# Evaluation of Data Integration

In this notebook, we evaluate how effective two relations can be integrated using the soft join operator.
Therefore, we utilize the [Datasets for DeepMatcher paper](https://github.com/anhaidgroup/deepmatcher/blob/master/Datasets.md).

The datasets contain two relations with the same entities from two different sources.
E.g. `iTunes-Amazon` contains song records obtained from iTunes and Amazon. So, the task is to identify same songs.

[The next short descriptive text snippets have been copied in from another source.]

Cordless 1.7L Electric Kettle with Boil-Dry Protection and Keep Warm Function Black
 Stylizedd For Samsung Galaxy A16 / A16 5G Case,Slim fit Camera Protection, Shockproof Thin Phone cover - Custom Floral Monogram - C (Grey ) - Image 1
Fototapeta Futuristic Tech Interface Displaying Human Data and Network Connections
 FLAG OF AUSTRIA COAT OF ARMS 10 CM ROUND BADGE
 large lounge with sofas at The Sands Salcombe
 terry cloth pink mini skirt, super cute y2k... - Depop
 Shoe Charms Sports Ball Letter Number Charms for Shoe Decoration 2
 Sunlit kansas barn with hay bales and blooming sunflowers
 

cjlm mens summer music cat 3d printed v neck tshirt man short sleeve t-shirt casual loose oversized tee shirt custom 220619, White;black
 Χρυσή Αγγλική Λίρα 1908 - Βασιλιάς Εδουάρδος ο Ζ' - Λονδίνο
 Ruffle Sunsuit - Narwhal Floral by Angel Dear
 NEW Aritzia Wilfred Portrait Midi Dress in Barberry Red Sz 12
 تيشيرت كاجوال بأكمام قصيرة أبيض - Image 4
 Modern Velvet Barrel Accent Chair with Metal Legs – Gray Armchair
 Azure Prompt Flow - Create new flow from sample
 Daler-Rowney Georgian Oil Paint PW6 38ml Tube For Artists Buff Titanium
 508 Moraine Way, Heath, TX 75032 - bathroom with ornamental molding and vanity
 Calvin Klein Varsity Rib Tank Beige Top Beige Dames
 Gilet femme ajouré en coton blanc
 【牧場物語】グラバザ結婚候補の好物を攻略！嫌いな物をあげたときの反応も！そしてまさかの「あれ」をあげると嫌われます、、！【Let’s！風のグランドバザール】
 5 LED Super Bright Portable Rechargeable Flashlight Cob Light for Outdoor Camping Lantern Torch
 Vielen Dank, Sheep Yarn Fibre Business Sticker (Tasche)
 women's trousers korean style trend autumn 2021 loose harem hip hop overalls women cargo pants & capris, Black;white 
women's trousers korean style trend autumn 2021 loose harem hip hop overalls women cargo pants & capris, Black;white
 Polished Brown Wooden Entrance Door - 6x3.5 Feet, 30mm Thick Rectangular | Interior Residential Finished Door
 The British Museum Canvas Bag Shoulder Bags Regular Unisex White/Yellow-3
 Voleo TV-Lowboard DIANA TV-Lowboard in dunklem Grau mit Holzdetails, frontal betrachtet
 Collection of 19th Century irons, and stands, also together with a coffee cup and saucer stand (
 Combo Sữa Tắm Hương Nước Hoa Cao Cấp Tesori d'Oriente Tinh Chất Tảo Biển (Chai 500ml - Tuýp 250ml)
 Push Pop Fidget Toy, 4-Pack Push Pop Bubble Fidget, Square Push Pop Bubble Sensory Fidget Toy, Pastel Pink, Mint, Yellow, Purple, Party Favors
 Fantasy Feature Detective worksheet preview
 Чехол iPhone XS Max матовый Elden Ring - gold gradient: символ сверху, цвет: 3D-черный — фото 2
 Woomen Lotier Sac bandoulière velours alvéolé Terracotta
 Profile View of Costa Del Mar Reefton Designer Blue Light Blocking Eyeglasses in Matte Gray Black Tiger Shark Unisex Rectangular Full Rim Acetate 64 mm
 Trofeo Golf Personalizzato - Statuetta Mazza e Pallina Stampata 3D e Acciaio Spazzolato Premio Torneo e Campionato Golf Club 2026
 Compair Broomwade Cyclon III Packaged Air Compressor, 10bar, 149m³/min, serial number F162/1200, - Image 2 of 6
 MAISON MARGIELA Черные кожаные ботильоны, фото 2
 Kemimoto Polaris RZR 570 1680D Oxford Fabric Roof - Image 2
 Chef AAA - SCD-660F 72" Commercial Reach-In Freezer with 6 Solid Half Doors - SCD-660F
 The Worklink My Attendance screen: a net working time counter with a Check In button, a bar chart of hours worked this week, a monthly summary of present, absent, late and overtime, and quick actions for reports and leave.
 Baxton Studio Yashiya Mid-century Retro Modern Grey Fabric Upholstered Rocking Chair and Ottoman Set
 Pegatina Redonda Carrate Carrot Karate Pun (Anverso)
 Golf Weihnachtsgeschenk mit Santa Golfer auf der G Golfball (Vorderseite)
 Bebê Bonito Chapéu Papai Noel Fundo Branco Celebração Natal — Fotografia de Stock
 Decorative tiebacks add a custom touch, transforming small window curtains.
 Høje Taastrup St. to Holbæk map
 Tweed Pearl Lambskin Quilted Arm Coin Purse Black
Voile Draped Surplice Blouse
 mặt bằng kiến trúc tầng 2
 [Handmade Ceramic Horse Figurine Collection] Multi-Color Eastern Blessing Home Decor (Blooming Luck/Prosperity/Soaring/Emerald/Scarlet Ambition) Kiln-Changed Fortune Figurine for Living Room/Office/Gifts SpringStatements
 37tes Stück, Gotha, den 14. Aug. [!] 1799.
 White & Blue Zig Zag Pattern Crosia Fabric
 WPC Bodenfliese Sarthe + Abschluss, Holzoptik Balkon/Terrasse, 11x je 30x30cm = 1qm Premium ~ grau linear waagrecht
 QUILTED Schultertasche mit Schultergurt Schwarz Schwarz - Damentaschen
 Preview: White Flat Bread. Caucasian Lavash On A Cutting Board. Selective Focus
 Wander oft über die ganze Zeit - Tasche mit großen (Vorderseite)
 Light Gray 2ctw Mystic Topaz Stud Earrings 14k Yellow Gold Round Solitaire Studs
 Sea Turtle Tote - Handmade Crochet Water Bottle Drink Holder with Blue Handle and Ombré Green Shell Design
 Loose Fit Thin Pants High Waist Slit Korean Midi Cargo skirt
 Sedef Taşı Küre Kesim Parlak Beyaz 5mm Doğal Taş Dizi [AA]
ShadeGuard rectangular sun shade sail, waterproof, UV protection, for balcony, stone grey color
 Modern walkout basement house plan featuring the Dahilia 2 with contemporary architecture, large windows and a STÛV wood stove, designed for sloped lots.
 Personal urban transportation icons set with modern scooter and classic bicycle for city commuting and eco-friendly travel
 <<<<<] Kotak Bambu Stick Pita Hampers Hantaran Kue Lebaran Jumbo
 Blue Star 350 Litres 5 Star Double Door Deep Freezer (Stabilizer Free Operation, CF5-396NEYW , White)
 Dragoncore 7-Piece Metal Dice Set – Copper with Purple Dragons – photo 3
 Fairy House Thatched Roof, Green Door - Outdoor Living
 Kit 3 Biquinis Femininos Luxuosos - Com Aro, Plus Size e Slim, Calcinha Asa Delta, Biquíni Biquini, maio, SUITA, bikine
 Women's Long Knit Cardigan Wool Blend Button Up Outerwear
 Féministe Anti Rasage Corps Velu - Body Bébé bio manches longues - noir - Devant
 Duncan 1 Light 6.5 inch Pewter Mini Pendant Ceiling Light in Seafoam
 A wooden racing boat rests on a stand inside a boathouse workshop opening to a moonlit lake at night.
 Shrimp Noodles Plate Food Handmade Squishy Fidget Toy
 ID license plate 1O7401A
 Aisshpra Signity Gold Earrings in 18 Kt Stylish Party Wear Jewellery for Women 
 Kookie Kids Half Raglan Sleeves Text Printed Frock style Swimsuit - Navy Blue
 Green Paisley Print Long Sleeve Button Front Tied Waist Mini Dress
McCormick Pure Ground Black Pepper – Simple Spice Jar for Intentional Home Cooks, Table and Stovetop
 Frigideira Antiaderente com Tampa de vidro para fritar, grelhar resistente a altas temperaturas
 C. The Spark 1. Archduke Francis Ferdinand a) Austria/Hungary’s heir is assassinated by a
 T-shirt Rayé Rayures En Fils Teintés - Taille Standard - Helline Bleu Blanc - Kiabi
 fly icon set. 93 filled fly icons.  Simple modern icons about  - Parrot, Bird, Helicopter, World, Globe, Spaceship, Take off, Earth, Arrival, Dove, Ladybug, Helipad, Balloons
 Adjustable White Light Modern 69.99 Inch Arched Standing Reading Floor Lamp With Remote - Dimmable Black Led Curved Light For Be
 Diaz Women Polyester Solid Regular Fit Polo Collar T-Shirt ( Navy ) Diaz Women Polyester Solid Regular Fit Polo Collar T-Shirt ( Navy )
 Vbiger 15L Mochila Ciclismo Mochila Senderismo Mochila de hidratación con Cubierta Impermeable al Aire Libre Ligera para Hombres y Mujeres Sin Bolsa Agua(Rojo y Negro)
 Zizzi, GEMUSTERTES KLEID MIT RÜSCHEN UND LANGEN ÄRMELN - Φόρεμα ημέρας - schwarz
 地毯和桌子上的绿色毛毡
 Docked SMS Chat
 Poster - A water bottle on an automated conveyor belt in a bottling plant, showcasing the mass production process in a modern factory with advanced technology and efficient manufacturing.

To test different Models, datasets, ..., there are parameters in the [modifications](#modifications) section.
**Modfy Code in [Modifications](#modifications) Section Only!**

We calculate:
* $ TP = \text{True Matches} \cap \text{Predicted Matches} $
* $ FN = \text{True Matches} \setminus \text{Predicted Matches} $
* $ FP = \text{Predicted Matches} \setminus \text{True Matches} $

To determine the scores:
* $ Precision = \frac{TP}{TP + FP}$
* $ Recall = \frac{TP}{TP + FN}$
* $ F_1 = \frac{2 \cdot precision \cdot recall}{precision + recall} $
* BLEU 1-4

## Imports

In [None]:
%%capture
!rm -rf SofteningQueryEvaluation
!git clone https://github.com/HackerBschor/SofteningQueryEvaluation
%cd SofteningQueryEvaluation

!pip3 install faiss-gpu-cu12
!pip3 install pgvector

In [6]:
from huggingface_hub import notebook_login
notebook_login()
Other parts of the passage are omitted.